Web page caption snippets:
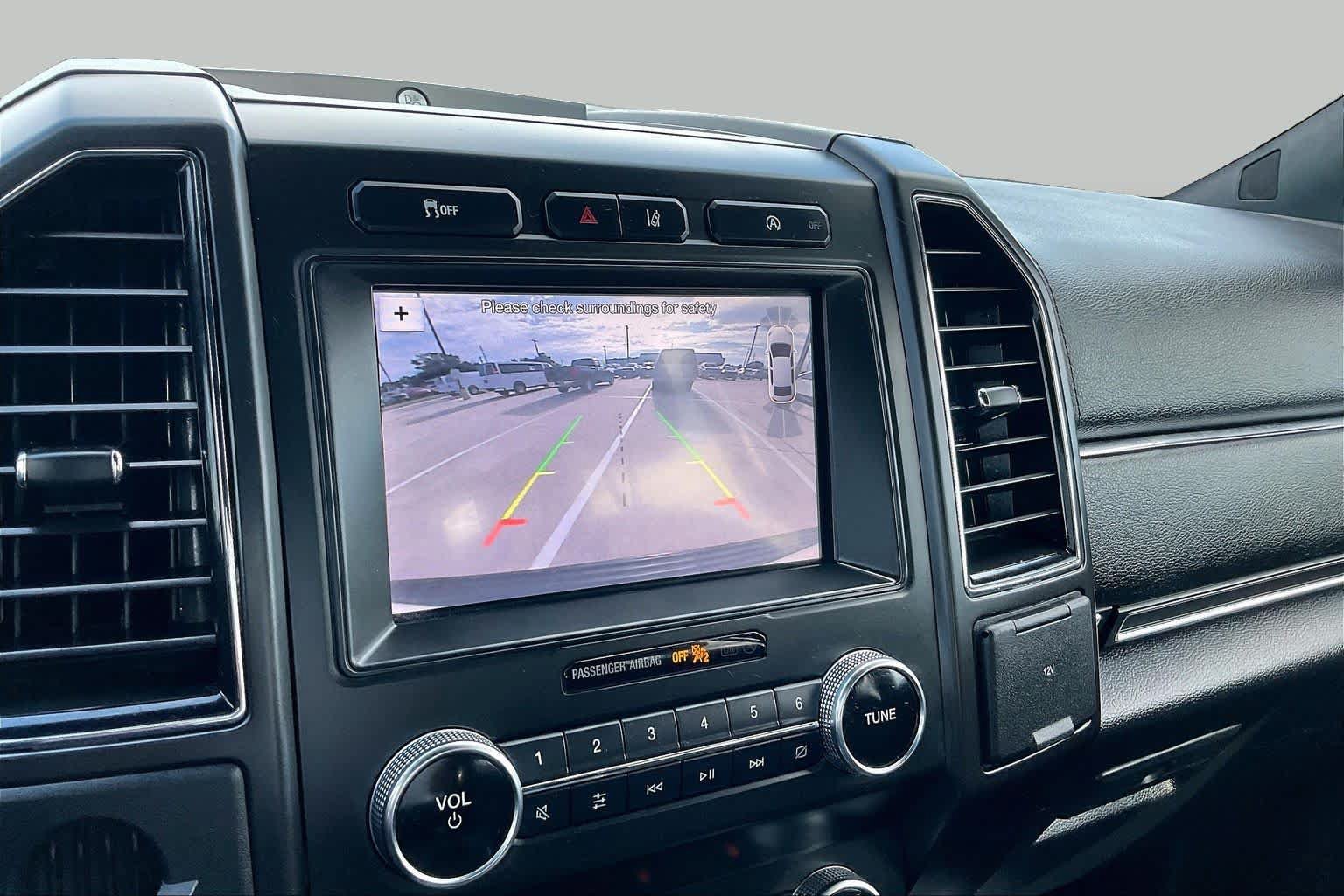 Used 2019 Ford Expedition Limited w/ Driver Assistance Package RWD image 29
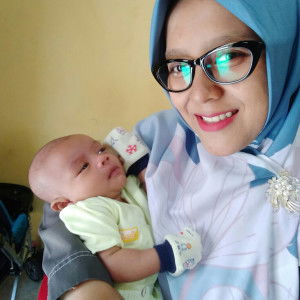 Riza Zakiyah profile icon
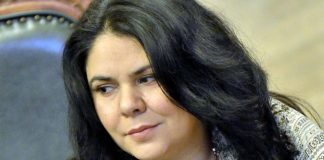 Governo, Michela Murgia: “Meloni è ‘il presidente’? Modello di potere maschilista”
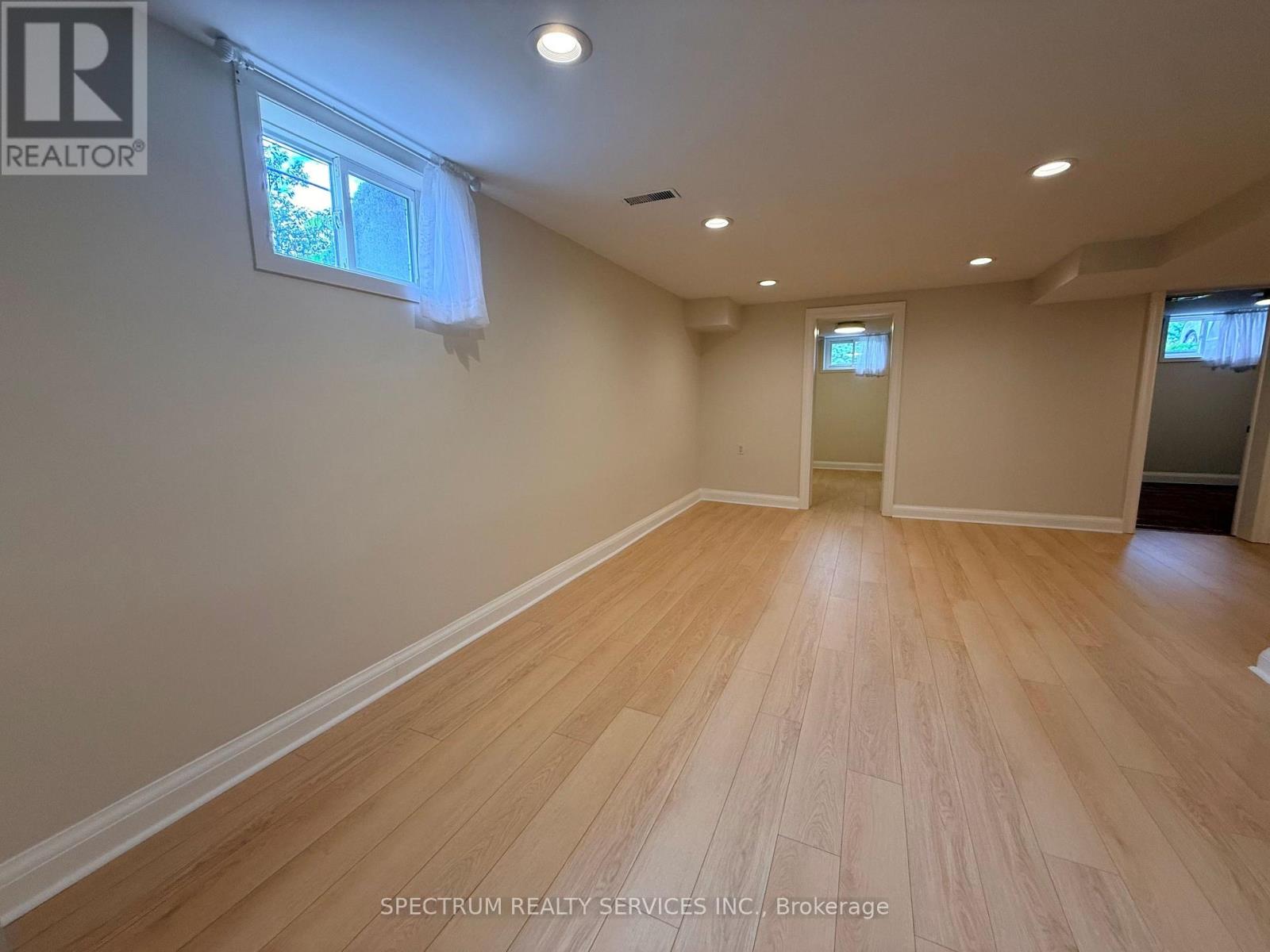 Lower - 172 Queenslea Avenue Property Photo 14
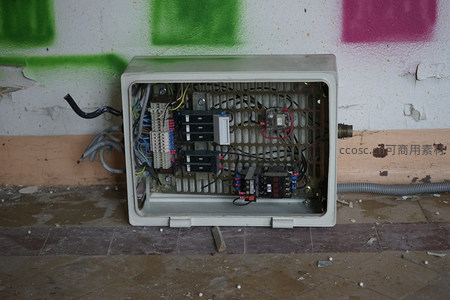 废弃配电箱内部结构特写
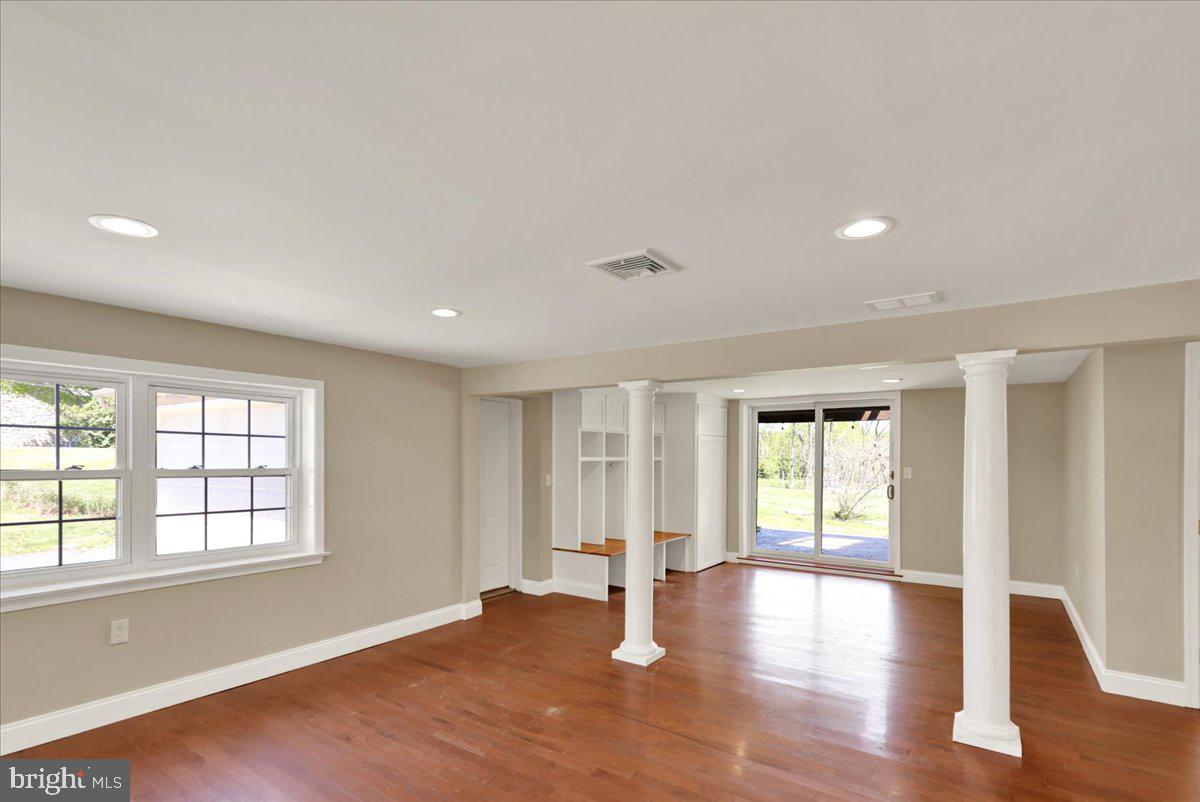 2236 Hopewell Road Elverson, PA 19520 - Photo 5 of 30
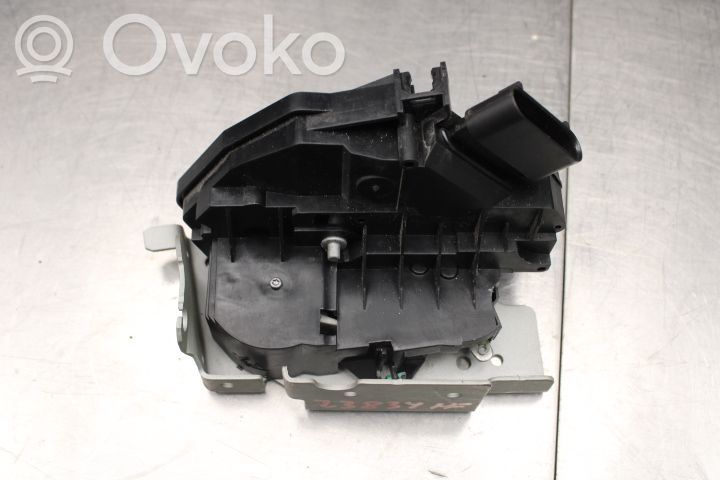 Ford Transit Custom Priekšpusē slēdzene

- _Directions_
Output nothing except the lines from the one containing "废弃配电箱内部结构特写" through the final line of the entries, repeated exactly and free of pictures.

- _Your solution_
 废弃配电箱内部结构特写
 2236 Hopewell Road Elverson, PA 19520 - Photo 5 of 30
 Ford Transit Custom Priekšpusē slēdzene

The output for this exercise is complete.